Critique de Nathafi (SAINT-SOUPLET, Inscrite le 20 avril 2011, 57 ans) - 24 juin 2018

Serait-ce parce qu'Eric Allard, comme noté dans la préface, est né un jour de Carnaval, que ce malicieux auteur, avec un phrasé inimitable et une finesse d'esprit sans pareille, nous livre ici un recueil drôle à souhait ?
C'est une pluie de confettis qu'il nous offre, des petites phrases presque innocentes qui fusent de son esprit en ébullition, montent en l'air et redescendent parfois comme des couperets.

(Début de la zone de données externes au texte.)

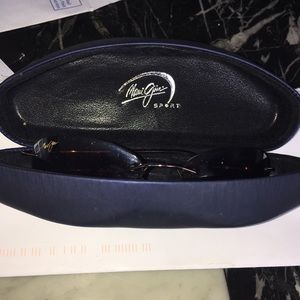 Authentic Maui jim sunglasses
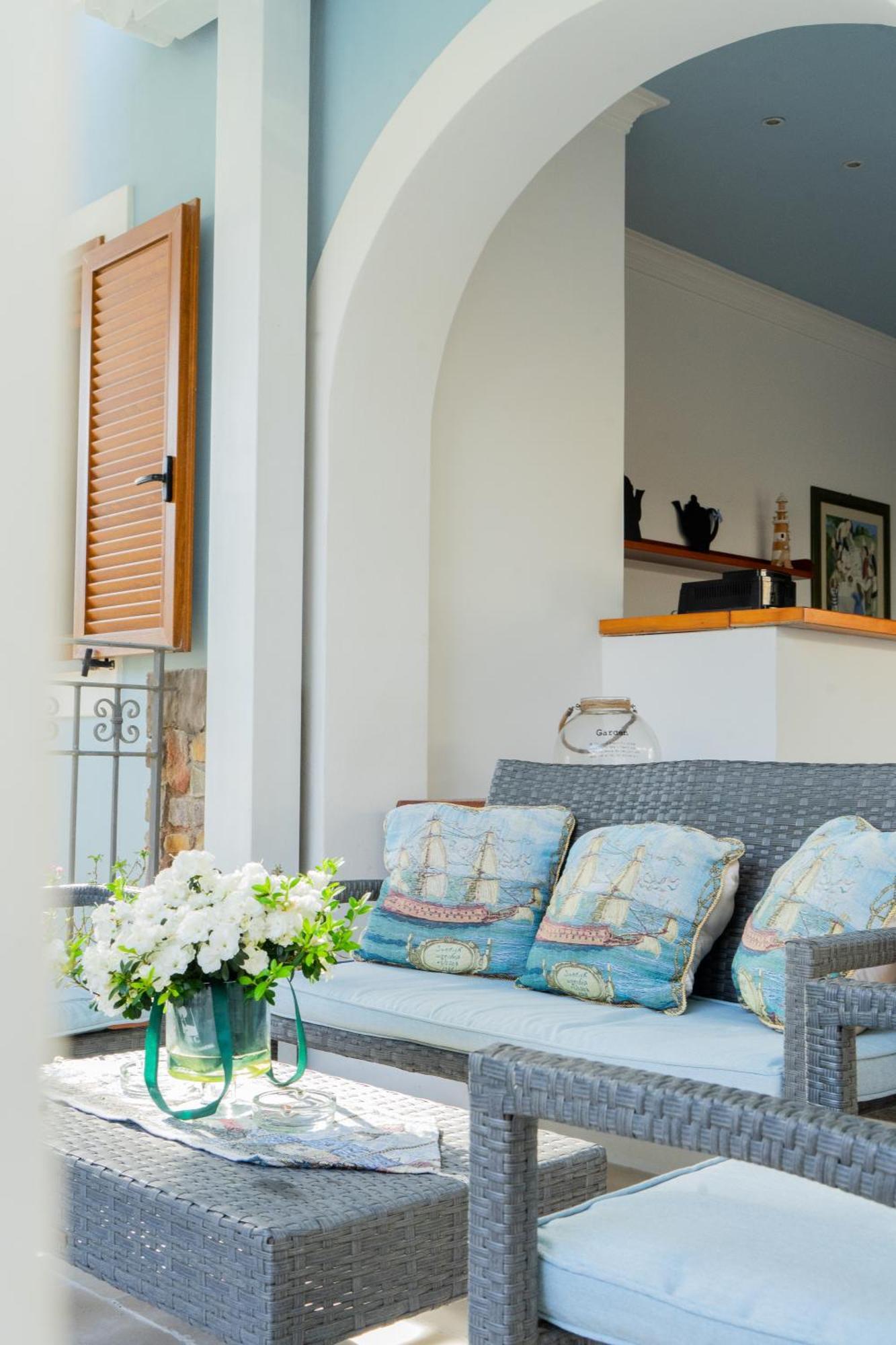 Villa Acacia Понца Экстерьер фото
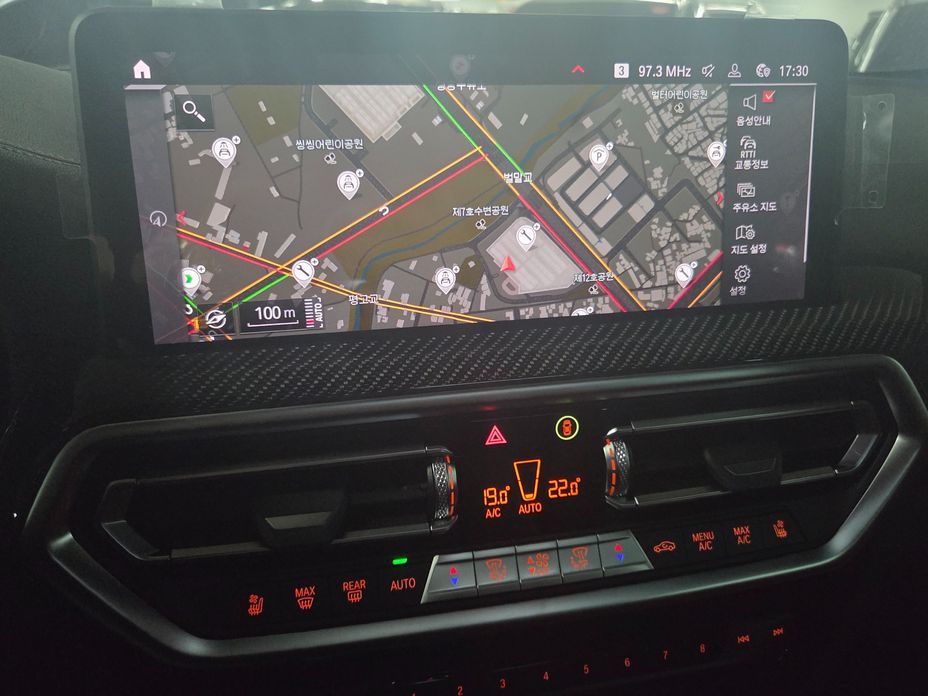 BMW X4M 2025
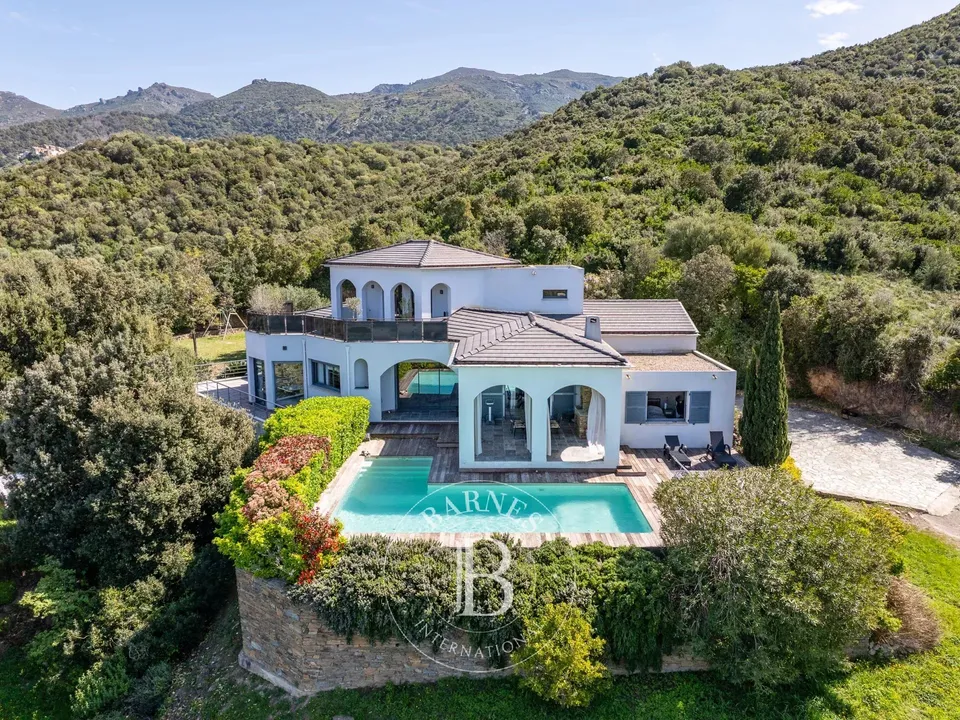 Villa i Saint-Florent, Haute-Corse - foto 1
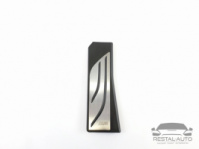 Накладки под левую ногу на BMW 5 / X3 / X4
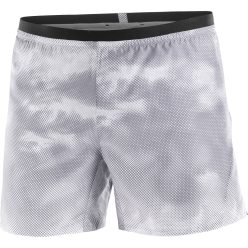 Salomon Cross 5 Short AOP M férfi futó rövidnadrág"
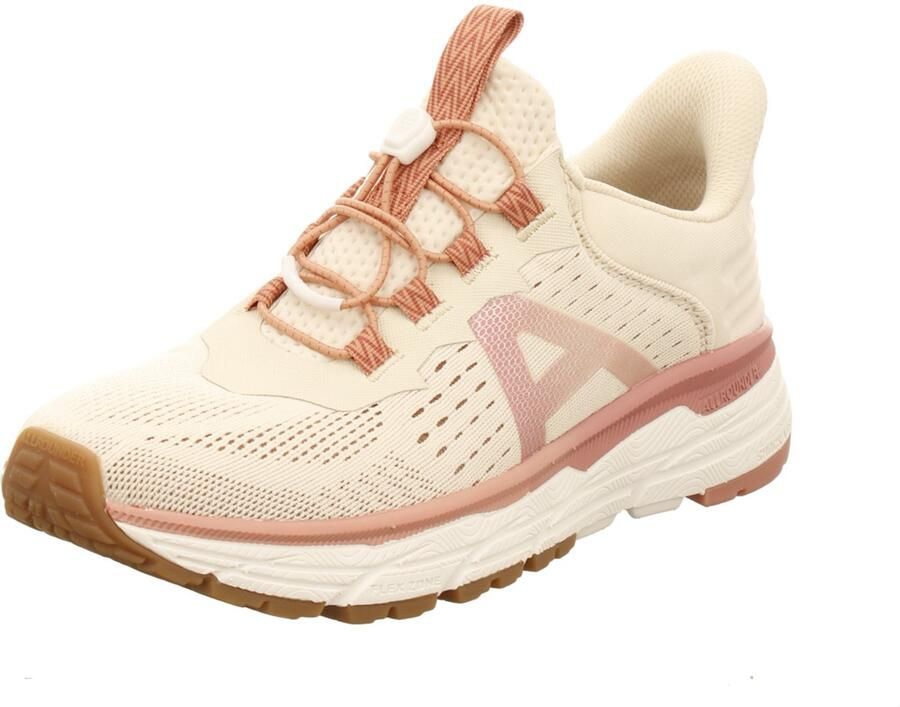 Allrounder dames sneakers beige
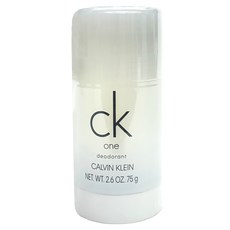 CK ONE 體香膏, 1個, 75g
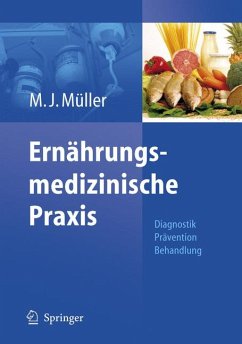Ernährungsmedizinische Praxis (eBook, PDF) - Müller, Manfred James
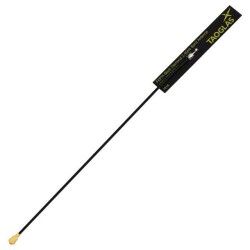 RF ANTENNA Bluetooth, Wi-Fi, Zigbee™ Flat Patch U.FL (UMCC), I-PEX MHF1 Adhesive - 1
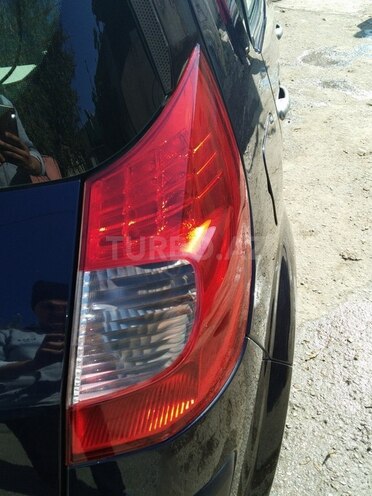 Renault Megane Scenic 2007, 201,000 km - 1.5 л - Bakı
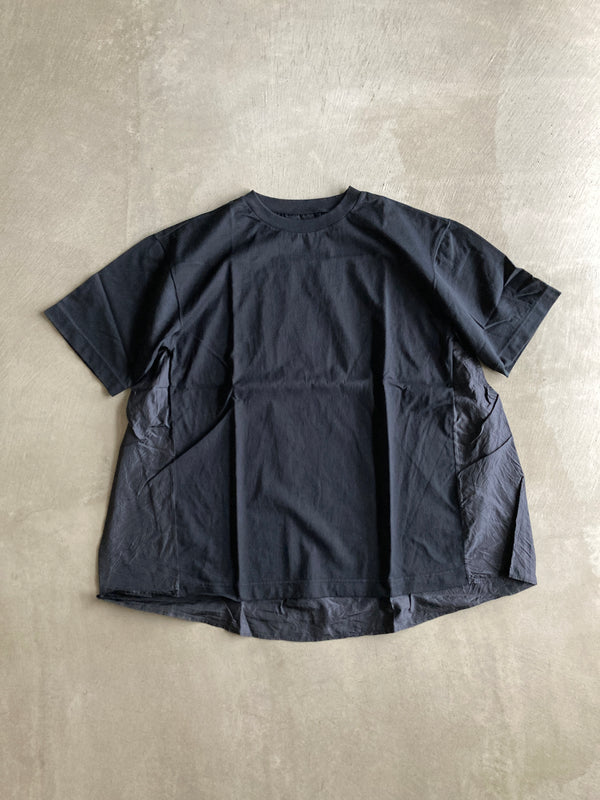 TOUJOURS コンビネーションTシャツ – 日々と旅 hutte
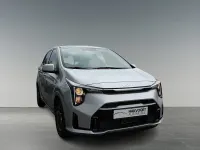 Neu Kia Picanto Vision 68 PS (50 kW) 2026 Sparkling silver Kleinwagen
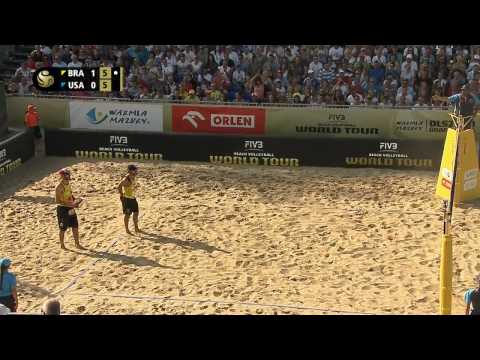 Alison-Bruno Schmidt vs Gibb-Patterson 1st place (OLSZTYN) GS 2015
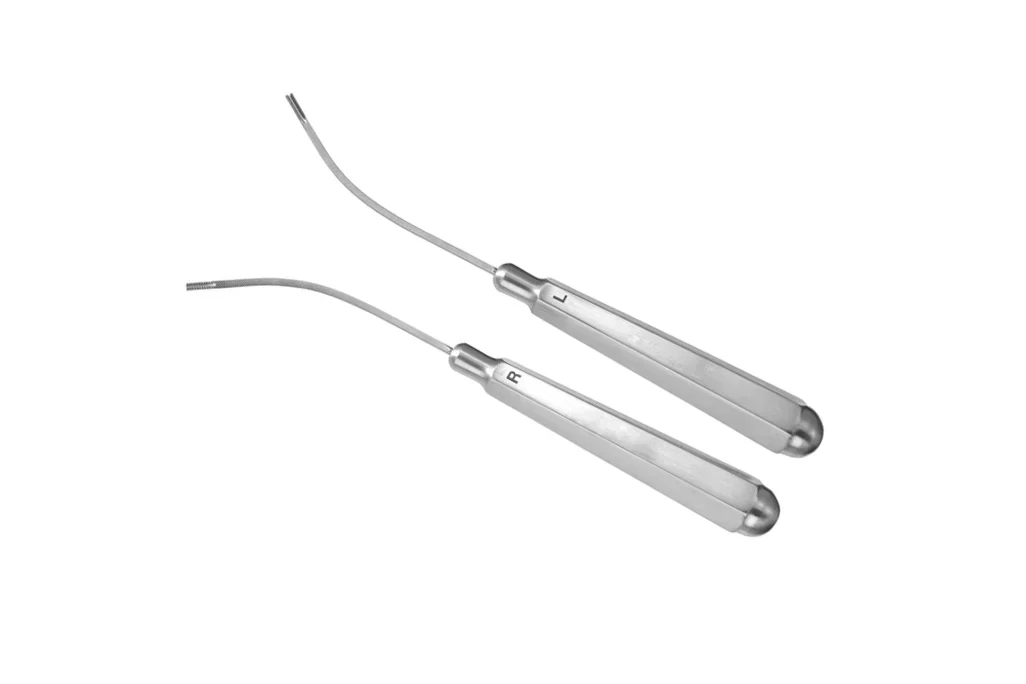 Dingman Cartilage Abraders Set of Two Regular Size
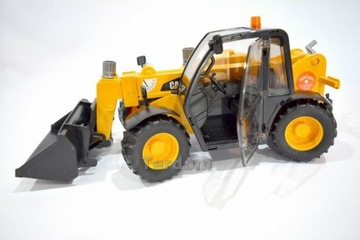 Телескопический погрузчик BRUDER 02141 CATERPILLAR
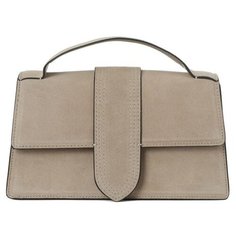 Сумка TENDANCE, серо-бежевый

Il faut se mettre en condition et vouloir tout entendre pour commencer sa lecture, les sujets tantôt attendrissants, tantôt corrosifs ne nous laissent pas de marbre. Car en terme de littérature, l'auteur en connaît un rayon, ce n'est pas un lapin de six semaines à qui on va en raconter ! Tout y passe, les éditeurs bien sûr, qui mènent la danse, les auteurs souvent en souffrance, la poésie malmenée depuis des lustres, Eric Allard rend hommage à tout ce petit monde, à sa manière, se jouant des mots et se les appropriant, les réinventant, nous proposant une sorte de potion mi- magique mi-envoûtante. Sourires, rires et étonnement sont le lot de ses aphorismes et nanofictions, il est à parier que certaines dents grinceront, mais l'humour reste de mise.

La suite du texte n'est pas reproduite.